Spherical symmetry implies invariance under any rotation around the center of the potential. By Noether’s theorem this implies the existence of a conserved quantity. This quantity is the angular momentum vector

$$\vec{L} = \vec{r}\times \dot{\vec{r}}\,,$$

the cross product of the position vector and the velocity vector. That the angular momentum vector is conserved is most easily demonstrated simply by taking its derivative

\begin{align} \dot{\vec{L}} & = \frac{\mathrm{d}}{\mathrm{d} t}\left(\vec{r}\times\dot{\vec{r}}\right)\nonumber\\ & = \dot{\vec{r}}\times\dot{\vec{r}} + \vec{r}\times\ddot{\vec{r}}\\ & = g_r(r)\,r\,\,\hat{\vec{r}}\times\hat{\vec{r}} = 0\nonumber\,, \end{align}

where the first term in the second line is zero because the cross product of any vector with itself is zero. The third line uses Equation $$\eqref{eq-eom-spher}$$ and $$\vec{r} = r\,\hat{\vec{r}}$$; the cross product in the third line is therefore again that of a vector with itself. That the angular momentum vector is conserved implies that the orbit is constrained to a single plane and we therefore only have to consider the motion in this plane.
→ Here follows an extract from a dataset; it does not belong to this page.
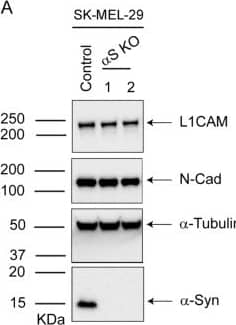 Loss of  alpha -syn decreases L1CAM and N-cadherin and motility in SK-MEL-29 cells. (A) Representative Western blots of L1CAM, N-Cad,  alpha -syn, and  alpha -tubulin in lysates of the control and  alpha -syn KO cells cultured in vitro. (B) Representative Western blots of vimentin,  alpha -syn, and  alpha -tubulin. Quantitative data showing the relative protein levels of L1CAM (C), N-Cad (D), and vimentin (E) normalized to  alpha -tubulin. All the experiments were repeated with at least with three biological replicates (n = 3). (F) Representative brightfield microscope images of phagokinetic tracks created by control and KO  alpha -syn cells on colloidal gold-coated wells were acquired using a light microscope with a ×10 objective. The individual phagokinetic tracks represented by black arrow marks were measured using ImageJ software and represented in (G) At least 33 tracks per experimental condition were randomly chosen for quantification. A total of 100 tracks for n = 3 per experimental group were used for statistical analysis. Values in plots (C–E, G) are mean +/- s.d. P-values were determined by a one-way ANOVA, Dunnett post hoc test. Image collected and cropped by CiteAb from the following open publication (//pubmed.ncbi.nlm.nih.gov/37286800), licensed under a CC-BY license. Not internally tested by Novus Biologicals.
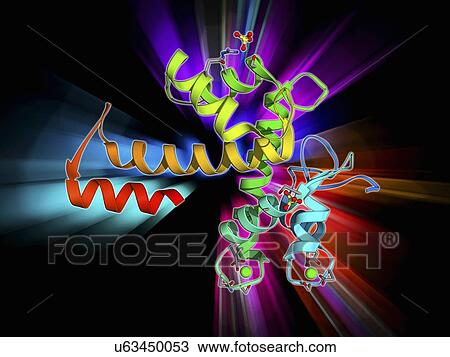 Drawing - Programmed cell death protein 6 molecule. Fotosearch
The magnitude of the angular momentum is $$L$$. Using polar coordinates $$(r,\psi)$$ in this plane, the relevant equations of motion in this plane are

\begin{align}\label{eq-eom-spher-r} \ddot{r} = \frac{L^2}{r^3} + & g_r(r) = \frac{L^2}{r^3} - \frac{\mathrm{d} \Phi(r)}{\mathrm{d} r}\,\\ \dot{\psi} & = \frac{L}{r^2}\,.\label{eq-eom-spher-angle} \end{align}

The energy $$E$$ (see Equation [$$\ref{eq-energy}$$]) of an orbit in a spherical potential is given by

\begin{align} E & = \frac{\dot{r}^2}{2} + \frac{r^2\,\dot{\psi}^2}{2} + \Phi(r)\nonumber\\ & = \frac{\dot{r}^2}{2} + \frac{L^2}{2\,r^2} + \Phi(r)\,\label{eq-energy-spherpot} \end{align}

where we have replaced $$\dot{\psi}$$ with $$L$$ using Equation $$\eqref{eq-eom-spher-angle}$$. As shown in Equation $$\eqref{eq-energy-conserved}$$, this energy is conserved if the potential $$\Phi(r)$$ does not explicitly depend on time. The equation of motion for $$r$$ in Equation $$\eqref{eq-eom-spher-r}$$ can be re-written in terms of an effective potential $$\Phi_\mathrm{eff}(r)$$ given by

$$\Phi_\mathrm{eff}(r) = \Phi(r) + \frac{L^2}{2\,r^2}\,,$$

and the energy from Equation $$\eqref{eq-energy-spherpot}$$ is then simply

$$E = \frac{\dot{r}^2}{2} + \Phi_\mathrm{eff}(r)\,.$$

The energy can therefore be thought of as a radial energy.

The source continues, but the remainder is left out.